START SOURCE MATERIAL
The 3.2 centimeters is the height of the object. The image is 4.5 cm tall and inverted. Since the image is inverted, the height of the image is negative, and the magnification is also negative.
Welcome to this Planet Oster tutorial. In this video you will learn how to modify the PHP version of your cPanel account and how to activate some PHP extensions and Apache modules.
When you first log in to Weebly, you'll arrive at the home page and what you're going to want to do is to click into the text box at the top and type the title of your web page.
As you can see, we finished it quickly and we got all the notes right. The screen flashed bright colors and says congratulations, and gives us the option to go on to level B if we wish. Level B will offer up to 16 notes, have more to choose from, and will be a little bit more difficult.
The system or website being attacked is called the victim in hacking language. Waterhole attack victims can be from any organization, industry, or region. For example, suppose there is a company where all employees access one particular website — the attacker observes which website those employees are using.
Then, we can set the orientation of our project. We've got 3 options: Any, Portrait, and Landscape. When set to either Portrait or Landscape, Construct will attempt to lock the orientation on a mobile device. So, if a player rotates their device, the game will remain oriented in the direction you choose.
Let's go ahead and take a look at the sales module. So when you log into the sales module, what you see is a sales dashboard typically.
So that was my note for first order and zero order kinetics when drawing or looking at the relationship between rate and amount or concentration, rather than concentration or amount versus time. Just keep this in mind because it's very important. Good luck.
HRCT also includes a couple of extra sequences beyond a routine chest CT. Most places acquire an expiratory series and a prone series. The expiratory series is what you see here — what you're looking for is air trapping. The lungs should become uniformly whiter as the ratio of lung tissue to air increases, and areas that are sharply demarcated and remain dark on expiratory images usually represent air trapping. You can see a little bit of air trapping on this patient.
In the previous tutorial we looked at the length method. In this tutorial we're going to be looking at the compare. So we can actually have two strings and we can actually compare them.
END SOURCE MATERIAL
START SOURCE MATERIAL
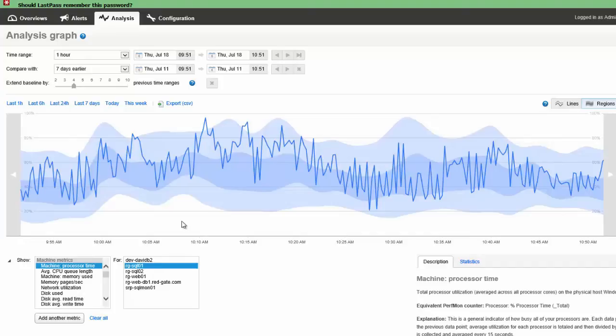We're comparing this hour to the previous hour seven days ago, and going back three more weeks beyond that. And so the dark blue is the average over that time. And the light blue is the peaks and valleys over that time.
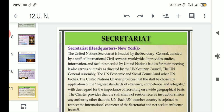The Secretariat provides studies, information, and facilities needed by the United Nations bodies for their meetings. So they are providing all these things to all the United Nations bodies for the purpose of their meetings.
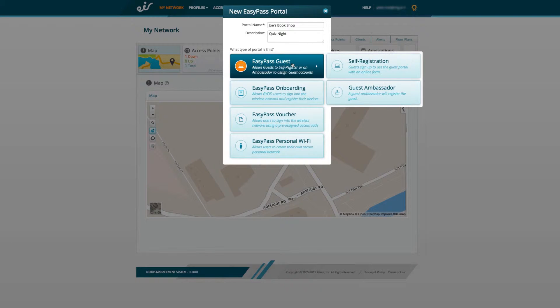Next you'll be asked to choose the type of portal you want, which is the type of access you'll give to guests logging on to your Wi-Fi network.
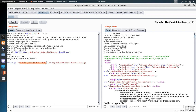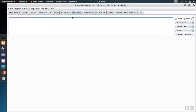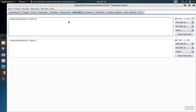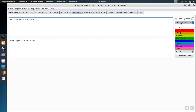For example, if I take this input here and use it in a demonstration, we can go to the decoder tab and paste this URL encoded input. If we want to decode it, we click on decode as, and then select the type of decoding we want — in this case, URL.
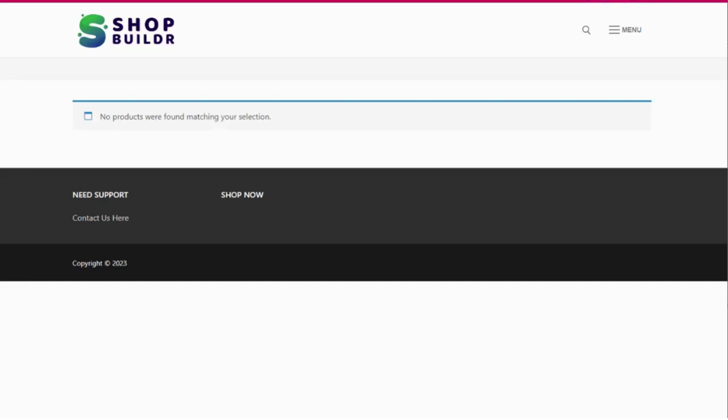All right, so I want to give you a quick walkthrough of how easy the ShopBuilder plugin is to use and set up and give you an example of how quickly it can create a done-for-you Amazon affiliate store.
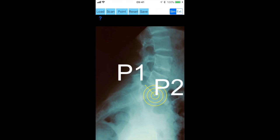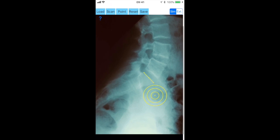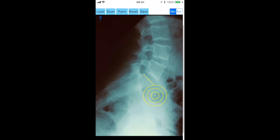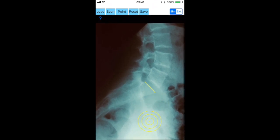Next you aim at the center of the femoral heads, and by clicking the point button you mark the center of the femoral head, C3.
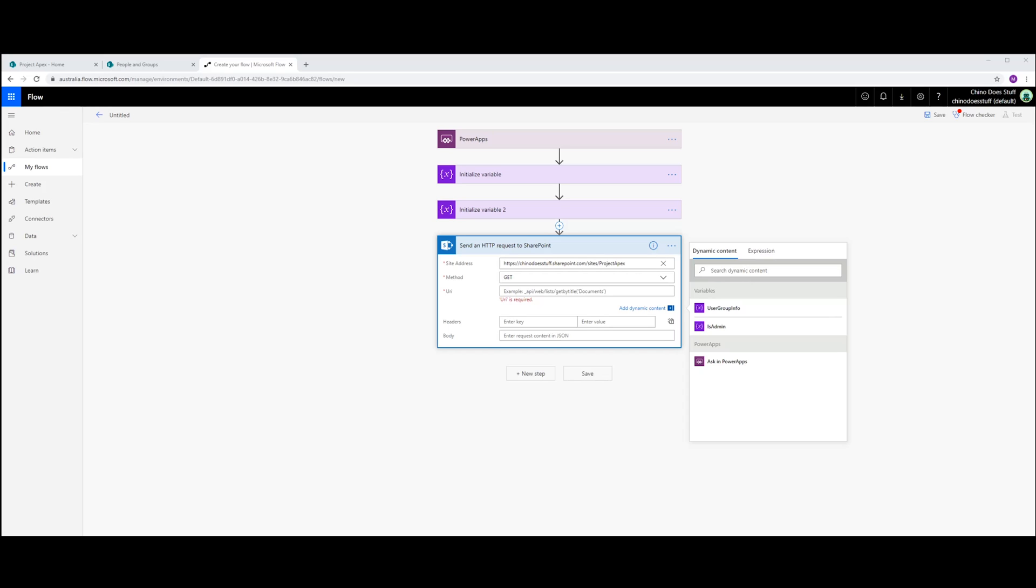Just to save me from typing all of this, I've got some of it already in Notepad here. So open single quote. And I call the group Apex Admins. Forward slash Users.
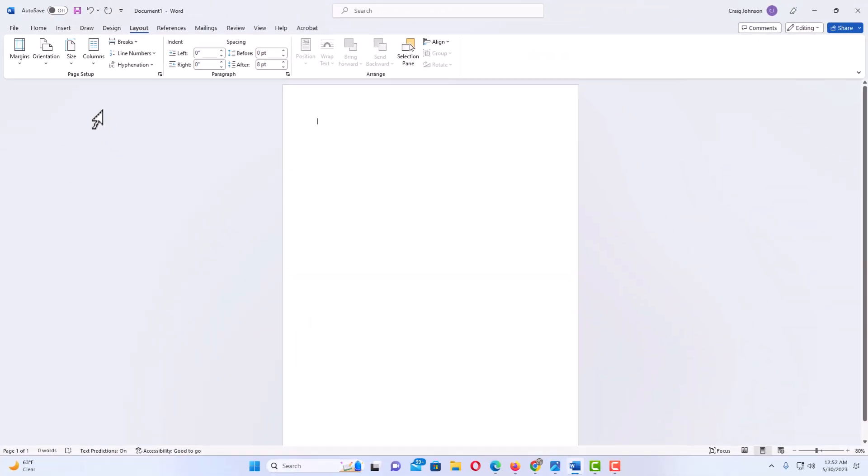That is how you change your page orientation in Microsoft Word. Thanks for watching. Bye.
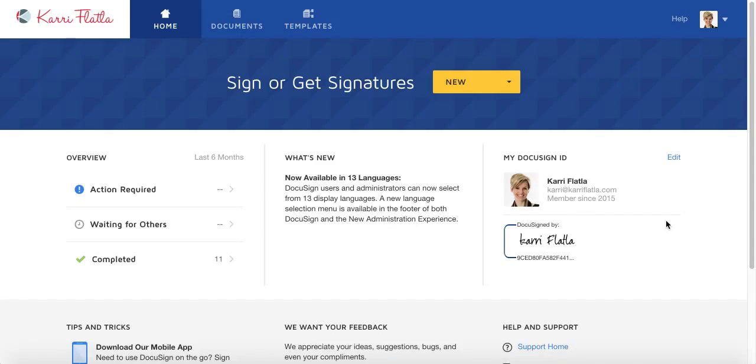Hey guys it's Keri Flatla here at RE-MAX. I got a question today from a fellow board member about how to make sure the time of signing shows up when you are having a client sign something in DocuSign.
END SOURCE MATERIAL
START SOURCE MATERIAL
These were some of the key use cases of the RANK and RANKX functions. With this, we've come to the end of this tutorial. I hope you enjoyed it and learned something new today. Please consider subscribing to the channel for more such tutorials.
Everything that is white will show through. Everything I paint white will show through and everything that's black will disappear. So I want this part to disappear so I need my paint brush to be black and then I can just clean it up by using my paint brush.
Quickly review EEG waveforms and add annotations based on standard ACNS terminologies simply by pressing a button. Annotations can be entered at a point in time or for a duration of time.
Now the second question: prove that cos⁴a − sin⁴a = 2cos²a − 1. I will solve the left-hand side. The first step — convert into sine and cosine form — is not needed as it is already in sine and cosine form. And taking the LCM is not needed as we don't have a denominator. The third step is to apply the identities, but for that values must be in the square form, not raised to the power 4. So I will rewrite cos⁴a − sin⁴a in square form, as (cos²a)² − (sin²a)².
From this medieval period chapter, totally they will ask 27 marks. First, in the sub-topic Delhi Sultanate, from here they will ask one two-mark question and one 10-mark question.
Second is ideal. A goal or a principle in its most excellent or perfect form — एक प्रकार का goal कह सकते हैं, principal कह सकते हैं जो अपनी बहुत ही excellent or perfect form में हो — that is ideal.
END SOURCE MATERIAL
■ WHAT TO DO ■
Nothing but the lines above, starting at the line that contains "We're comparing this" and ending at the line that contains "Next you aim", should be given again, exactly and without the pictures.

■ TASK RESPONSE ■
We're comparing this hour to the previous hour seven days ago, and going back three more weeks beyond that. And so the dark blue is the average over that time. And the light blue is the peaks and valleys over that time.
The Secretariat provides studies, information, and facilities needed by the United Nations bodies for their meetings. So they are providing all these things to all the United Nations bodies for the purpose of their meetings.
Next you'll be asked to choose the type of portal you want, which is the type of access you'll give to guests logging on to your Wi-Fi network.
For example, if I take this input here and use it in a demonstration, we can go to the decoder tab and paste this URL encoded input. If we want to decode it, we click on decode as, and then select the type of decoding we want — in this case, URL.
All right, so I want to give you a quick walkthrough of how easy the ShopBuilder plugin is to use and set up and give you an example of how quickly it can create a done-for-you Amazon affiliate store.
Next you aim at the center of the femoral heads, and by clicking the point button you mark the center of the femoral head, C3.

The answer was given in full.